ADR-006: Emission Modes (Each / Longest / Subsets)

Status: Accepted Date: 2026-04-08 Authors: Varpulis Team

Context

The SASE+ paper (SIGMOD 2008, Agrawal/Diao/Gyllstrom/Immerman) defines pattern matching with three event selection strategies (strict-contiguity, skip-till-next-match, skip-till-any-match) but conflates selection with output cardinality. Under skip-till-any-match (STAM) with a Kleene closure like SEQ(A, B+, C), the paper specifies that 2^N − 1 matches are output — one per non-empty subset of the Kleene events. This is a verbose mode; a compressed mode shares state but conceptually emits the same number of matches.

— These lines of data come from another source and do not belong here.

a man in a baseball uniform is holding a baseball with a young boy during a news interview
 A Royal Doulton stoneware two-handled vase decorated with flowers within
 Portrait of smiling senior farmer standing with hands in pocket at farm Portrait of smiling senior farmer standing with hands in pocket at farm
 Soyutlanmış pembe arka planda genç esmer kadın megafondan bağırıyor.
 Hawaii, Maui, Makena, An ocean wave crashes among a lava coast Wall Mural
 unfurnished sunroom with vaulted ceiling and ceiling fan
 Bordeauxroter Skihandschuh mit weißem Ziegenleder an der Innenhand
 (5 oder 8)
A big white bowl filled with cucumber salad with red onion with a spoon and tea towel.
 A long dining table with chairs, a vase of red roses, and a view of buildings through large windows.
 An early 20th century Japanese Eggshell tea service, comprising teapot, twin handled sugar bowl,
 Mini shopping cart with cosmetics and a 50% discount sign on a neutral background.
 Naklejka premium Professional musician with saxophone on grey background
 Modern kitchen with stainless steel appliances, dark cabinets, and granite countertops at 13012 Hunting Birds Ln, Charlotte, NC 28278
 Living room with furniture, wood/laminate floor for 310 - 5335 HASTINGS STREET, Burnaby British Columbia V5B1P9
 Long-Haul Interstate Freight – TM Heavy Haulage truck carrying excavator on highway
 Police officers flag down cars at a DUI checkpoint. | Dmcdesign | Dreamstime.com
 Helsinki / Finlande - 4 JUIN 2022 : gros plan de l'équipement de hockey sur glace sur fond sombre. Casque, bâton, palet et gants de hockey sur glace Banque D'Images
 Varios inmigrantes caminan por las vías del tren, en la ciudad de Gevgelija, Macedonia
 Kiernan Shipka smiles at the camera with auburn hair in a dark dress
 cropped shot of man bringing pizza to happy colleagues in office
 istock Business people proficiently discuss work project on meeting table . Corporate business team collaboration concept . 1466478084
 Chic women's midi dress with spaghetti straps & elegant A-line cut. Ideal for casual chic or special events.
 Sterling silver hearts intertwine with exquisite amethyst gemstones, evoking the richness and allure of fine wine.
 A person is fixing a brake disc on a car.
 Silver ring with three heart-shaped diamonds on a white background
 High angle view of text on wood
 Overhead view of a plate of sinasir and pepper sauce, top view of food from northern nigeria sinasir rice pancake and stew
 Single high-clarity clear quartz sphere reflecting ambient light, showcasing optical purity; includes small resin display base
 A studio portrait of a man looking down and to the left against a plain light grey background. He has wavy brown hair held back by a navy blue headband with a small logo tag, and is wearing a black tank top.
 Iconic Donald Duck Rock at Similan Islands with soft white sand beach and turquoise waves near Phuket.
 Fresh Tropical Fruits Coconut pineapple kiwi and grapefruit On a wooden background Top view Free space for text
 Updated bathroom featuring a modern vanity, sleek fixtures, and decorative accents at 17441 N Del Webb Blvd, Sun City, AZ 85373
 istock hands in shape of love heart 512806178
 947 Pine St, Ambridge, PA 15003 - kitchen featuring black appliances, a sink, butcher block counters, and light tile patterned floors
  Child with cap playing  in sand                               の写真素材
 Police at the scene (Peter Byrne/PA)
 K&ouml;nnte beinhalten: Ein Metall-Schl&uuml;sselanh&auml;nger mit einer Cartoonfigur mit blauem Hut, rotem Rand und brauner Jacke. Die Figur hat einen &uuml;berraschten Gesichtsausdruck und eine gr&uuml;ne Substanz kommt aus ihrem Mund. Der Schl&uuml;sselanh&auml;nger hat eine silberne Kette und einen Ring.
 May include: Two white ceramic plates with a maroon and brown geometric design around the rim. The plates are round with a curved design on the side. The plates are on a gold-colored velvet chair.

For practitioners using Varpulis, this exponential output is rarely what they want. A pattern like Start -> all TempReading as r -> End with 9 readings would emit 511 matches under spec-correct STAM verbose. Most users expect either:

One emit per reading (linear, "for each B do something")
One emit at completion with all readings accessible

A bug discovered in 2026-04-07 was that complete_run() short-circuited and returned only 1 match for these patterns instead of either 511 (per spec) or 9/1 (per common sense). The bug was hidden by 18+ tests using assert!(!results.is_empty()) instead of asserting exact counts.

This ADR documents the decision to separate selection strategy from emission mode as orthogonal concerns, choose practitioner-friendly defaults, and provide explicit operators for users who want spec-compliance or alternative semantics.

Decision

Two orthogonal axes

We split SASE+ output semantics into two independent operators:

Selection strategy (SelectionStrategy enum, varpulis-sase/src/types.rs):
- StrictContiguous — events must be adjacent
- SkipTillNextMatch — non-overlapping maximal matches
- SkipTillAnyMatch — overlapping runs from every anchor (default)
Emission mode (EmissionMode enum, varpulis-sase/src/types.rs — new):
- Each — emit one match per Kleene event extension (linear)
- Longest — emit one consolidated match at terminator/break
- Subsets — emit one match per non-empty subset of the Kleene capture (paper-correct STAM verbose)

User-facing operators in VPL:

.strict(), .stnm(), .stam() — selection
.each(), .longest(), .subsets() — emission

Default emission mode

The default is EmissionMode::Each. Rationale:

Practitioner intuition: Most CEP users coming from Esper, FlinkCEP, or Apama expect "fire on each event" semantics. Asking them to configure a mode for the most common case is friction.
Linear cost: Each is O(N) in the Kleene size — predictable and bounded.
No data loss: Each captured Kleene event produces an observable output, so users can react to every step.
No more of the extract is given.